=== TASK DESCRIPTION ===
Restate word for word the lines of the entries below, starting with the line that holds "a Very Spacious" and ending with the line that holds "3132 Wellington Road", and no others.

=== DATA PROVIDED ===
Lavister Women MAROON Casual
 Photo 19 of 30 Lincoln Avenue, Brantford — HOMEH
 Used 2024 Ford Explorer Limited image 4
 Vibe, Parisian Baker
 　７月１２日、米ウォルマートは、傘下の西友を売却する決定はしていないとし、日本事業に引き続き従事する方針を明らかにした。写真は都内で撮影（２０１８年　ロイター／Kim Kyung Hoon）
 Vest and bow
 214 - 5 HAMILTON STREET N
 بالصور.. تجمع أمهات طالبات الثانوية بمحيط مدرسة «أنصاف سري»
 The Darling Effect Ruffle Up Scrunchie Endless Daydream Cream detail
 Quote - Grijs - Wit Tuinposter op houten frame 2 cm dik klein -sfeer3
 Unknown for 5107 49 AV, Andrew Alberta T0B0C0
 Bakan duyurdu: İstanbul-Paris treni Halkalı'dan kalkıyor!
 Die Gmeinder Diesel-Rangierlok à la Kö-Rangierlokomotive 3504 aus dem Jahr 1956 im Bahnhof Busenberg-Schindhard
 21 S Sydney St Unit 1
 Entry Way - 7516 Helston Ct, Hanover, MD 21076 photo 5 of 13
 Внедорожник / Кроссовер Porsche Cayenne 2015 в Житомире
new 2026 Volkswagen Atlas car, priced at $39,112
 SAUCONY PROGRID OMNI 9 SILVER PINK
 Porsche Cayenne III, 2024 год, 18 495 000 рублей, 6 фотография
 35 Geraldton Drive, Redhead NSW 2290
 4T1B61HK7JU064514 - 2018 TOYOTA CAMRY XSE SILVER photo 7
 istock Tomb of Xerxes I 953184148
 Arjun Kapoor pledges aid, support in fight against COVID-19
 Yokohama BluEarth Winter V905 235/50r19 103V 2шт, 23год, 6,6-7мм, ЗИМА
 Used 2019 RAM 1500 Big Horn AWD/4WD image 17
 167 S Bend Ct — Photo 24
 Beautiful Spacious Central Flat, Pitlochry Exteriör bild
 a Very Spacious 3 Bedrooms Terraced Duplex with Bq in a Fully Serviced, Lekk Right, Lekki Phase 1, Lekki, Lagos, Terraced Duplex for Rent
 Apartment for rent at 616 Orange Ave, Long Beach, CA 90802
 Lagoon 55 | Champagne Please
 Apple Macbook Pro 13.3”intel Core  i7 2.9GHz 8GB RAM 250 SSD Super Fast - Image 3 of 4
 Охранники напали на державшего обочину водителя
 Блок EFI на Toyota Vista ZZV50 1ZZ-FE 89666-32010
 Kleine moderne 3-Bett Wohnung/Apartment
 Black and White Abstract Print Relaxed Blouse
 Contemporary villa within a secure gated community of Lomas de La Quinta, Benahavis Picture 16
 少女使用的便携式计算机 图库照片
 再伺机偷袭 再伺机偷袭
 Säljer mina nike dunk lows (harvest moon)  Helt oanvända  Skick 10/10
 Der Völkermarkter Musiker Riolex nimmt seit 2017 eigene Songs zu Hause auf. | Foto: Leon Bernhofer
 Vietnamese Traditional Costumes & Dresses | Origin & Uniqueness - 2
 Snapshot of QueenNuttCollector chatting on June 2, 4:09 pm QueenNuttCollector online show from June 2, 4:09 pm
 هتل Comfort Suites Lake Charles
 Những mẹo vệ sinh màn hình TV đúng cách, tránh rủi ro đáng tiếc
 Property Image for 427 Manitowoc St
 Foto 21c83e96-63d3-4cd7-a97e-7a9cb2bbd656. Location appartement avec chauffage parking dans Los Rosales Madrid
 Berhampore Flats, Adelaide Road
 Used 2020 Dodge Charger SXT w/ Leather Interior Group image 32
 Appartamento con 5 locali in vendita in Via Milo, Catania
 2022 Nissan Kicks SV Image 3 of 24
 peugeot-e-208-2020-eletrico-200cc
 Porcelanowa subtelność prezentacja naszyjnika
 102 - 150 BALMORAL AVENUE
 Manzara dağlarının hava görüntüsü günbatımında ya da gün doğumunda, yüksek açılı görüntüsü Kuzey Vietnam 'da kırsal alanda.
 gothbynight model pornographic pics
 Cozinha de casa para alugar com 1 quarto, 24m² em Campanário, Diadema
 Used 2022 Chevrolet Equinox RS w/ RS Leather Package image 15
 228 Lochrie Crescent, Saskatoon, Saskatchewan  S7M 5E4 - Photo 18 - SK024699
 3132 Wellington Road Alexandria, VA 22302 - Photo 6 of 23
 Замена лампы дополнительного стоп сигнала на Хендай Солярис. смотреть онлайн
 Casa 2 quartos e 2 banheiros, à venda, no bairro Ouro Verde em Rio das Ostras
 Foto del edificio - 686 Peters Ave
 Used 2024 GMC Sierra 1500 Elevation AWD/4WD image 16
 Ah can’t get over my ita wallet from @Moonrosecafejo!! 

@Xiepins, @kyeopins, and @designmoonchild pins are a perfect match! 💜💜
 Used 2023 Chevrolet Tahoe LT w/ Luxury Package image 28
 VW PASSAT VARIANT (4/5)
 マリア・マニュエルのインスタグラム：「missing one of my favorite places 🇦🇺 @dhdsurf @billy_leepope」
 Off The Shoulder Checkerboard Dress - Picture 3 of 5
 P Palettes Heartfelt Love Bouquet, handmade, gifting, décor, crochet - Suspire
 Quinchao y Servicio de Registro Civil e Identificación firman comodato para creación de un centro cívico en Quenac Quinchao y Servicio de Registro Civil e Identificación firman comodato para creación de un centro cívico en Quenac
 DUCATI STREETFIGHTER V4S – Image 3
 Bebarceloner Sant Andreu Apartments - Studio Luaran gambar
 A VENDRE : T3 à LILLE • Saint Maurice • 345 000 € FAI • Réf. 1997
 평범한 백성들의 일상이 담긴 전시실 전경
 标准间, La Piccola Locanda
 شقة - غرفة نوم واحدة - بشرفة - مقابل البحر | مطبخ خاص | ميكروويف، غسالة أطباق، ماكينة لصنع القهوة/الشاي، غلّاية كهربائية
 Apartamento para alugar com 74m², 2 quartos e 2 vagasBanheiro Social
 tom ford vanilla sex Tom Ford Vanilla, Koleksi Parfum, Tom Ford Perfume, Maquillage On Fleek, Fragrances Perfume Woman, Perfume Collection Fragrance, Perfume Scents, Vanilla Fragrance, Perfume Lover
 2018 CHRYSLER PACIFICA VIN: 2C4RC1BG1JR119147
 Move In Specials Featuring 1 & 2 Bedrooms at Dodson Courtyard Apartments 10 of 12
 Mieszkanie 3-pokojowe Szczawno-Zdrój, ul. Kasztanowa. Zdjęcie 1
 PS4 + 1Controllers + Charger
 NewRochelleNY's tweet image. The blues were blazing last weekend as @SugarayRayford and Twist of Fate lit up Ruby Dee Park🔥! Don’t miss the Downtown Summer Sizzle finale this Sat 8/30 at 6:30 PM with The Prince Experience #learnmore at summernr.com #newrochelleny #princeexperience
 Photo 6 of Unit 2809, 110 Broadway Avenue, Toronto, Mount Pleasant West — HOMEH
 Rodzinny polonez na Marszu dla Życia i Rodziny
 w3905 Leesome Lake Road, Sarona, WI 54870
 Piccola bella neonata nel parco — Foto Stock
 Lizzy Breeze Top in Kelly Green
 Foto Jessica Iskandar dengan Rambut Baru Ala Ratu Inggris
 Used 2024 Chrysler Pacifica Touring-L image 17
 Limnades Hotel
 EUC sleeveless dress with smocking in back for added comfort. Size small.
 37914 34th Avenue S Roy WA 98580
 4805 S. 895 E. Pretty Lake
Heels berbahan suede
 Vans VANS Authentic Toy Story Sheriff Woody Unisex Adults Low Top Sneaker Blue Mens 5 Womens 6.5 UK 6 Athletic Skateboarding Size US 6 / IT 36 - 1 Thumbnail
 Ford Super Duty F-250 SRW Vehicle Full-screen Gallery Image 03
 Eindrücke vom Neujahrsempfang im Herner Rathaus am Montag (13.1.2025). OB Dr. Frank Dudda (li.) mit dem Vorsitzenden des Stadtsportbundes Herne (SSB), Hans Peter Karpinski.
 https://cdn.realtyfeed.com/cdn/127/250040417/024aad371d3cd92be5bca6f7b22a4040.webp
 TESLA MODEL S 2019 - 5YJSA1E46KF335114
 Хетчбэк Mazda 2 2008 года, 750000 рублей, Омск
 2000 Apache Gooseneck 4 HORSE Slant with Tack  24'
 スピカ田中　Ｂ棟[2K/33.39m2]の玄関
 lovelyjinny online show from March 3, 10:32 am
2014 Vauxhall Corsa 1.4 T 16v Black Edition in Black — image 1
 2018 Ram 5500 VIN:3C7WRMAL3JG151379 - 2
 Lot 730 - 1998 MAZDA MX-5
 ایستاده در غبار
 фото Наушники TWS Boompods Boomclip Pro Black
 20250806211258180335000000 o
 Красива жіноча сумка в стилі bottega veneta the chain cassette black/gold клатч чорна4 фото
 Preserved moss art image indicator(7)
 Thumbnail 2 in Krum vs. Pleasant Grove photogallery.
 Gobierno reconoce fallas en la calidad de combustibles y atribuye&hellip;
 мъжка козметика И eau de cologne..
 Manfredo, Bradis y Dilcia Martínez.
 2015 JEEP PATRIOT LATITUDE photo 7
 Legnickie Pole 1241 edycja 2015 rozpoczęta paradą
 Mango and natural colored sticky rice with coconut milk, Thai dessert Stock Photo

=== SOLUTION TO THIS PROBLEM ===
 a Very Spacious 3 Bedrooms Terraced Duplex with Bq in a Fully Serviced, Lekk Right, Lekki Phase 1, Lekki, Lagos, Terraced Duplex for Rent
 Apartment for rent at 616 Orange Ave, Long Beach, CA 90802
 Lagoon 55 | Champagne Please
 Apple Macbook Pro 13.3”intel Core  i7 2.9GHz 8GB RAM 250 SSD Super Fast - Image 3 of 4
 Охранники напали на державшего обочину водителя
 Блок EFI на Toyota Vista ZZV50 1ZZ-FE 89666-32010
 Kleine moderne 3-Bett Wohnung/Apartment
 Black and White Abstract Print Relaxed Blouse
 Contemporary villa within a secure gated community of Lomas de La Quinta, Benahavis Picture 16
 少女使用的便携式计算机 图库照片
 再伺机偷袭 再伺机偷袭
 Säljer mina nike dunk lows (harvest moon)  Helt oanvända  Skick 10/10
 Der Völkermarkter Musiker Riolex nimmt seit 2017 eigene Songs zu Hause auf. | Foto: Leon Bernhofer
 Vietnamese Traditional Costumes & Dresses | Origin & Uniqueness - 2
 Snapshot of QueenNuttCollector chatting on June 2, 4:09 pm QueenNuttCollector online show from June 2, 4:09 pm
 هتل Comfort Suites Lake Charles
 Những mẹo vệ sinh màn hình TV đúng cách, tránh rủi ro đáng tiếc
 Property Image for 427 Manitowoc St
 Foto 21c83e96-63d3-4cd7-a97e-7a9cb2bbd656. Location appartement avec chauffage parking dans Los Rosales Madrid
 Berhampore Flats, Adelaide Road
 Used 2020 Dodge Charger SXT w/ Leather Interior Group image 32
 Appartamento con 5 locali in vendita in Via Milo, Catania
 2022 Nissan Kicks SV Image 3 of 24
 peugeot-e-208-2020-eletrico-200cc
 Porcelanowa subtelność prezentacja naszyjnika
 102 - 150 BALMORAL AVENUE
 Manzara dağlarının hava görüntüsü günbatımında ya da gün doğumunda, yüksek açılı görüntüsü Kuzey Vietnam 'da kırsal alanda.
 gothbynight model pornographic pics
 Cozinha de casa para alugar com 1 quarto, 24m² em Campanário, Diadema
 Used 2022 Chevrolet Equinox RS w/ RS Leather Package image 15
 228 Lochrie Crescent, Saskatoon, Saskatchewan  S7M 5E4 - Photo 18 - SK024699
 3132 Wellington Road Alexandria, VA 22302 - Photo 6 of 23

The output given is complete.